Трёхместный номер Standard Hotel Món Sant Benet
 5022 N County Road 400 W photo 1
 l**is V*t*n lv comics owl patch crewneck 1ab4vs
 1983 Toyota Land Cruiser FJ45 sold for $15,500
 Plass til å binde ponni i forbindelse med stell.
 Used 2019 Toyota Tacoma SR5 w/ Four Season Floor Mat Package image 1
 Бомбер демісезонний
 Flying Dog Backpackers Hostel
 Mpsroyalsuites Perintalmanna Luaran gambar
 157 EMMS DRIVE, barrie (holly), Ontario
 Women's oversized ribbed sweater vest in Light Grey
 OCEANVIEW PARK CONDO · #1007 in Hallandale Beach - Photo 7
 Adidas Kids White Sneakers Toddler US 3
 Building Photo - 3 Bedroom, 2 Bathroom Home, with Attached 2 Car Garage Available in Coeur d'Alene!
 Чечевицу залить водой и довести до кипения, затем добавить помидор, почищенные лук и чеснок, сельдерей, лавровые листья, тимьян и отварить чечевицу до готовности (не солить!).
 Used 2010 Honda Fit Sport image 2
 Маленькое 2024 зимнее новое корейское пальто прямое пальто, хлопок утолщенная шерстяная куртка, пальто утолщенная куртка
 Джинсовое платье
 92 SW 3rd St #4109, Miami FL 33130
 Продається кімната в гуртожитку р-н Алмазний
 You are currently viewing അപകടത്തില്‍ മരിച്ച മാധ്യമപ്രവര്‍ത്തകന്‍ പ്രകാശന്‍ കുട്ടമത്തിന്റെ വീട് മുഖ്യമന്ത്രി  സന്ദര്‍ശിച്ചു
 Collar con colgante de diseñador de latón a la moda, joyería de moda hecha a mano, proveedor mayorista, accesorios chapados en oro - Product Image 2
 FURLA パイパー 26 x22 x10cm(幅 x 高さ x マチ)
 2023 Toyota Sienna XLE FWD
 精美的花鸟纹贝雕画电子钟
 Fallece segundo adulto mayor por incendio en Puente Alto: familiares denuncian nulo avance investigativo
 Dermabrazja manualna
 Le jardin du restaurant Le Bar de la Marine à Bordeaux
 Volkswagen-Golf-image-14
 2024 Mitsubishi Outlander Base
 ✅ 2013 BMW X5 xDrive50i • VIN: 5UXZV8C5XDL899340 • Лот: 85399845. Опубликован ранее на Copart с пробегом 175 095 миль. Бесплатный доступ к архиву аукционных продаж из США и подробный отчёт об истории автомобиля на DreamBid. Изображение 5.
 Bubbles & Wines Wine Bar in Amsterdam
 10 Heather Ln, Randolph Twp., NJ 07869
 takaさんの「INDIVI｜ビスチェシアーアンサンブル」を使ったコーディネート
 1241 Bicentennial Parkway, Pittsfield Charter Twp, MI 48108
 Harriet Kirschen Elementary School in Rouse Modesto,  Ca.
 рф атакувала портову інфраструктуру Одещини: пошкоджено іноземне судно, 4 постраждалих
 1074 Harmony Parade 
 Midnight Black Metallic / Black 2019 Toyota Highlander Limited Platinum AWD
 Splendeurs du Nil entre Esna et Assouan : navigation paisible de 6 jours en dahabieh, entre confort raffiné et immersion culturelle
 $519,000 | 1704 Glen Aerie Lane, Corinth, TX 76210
-*-
## What is expected
I'd like an exact copy of the lines above, from the very first one through the line that contains "Plass til å", with nothing else added.

## Response to this exercise
Трёхместный номер Standard Hotel Món Sant Benet
 5022 N County Road 400 W photo 1
 l**is V*t*n lv comics owl patch crewneck 1ab4vs
 1983 Toyota Land Cruiser FJ45 sold for $15,500
 Plass til å binde ponni i forbindelse med stell.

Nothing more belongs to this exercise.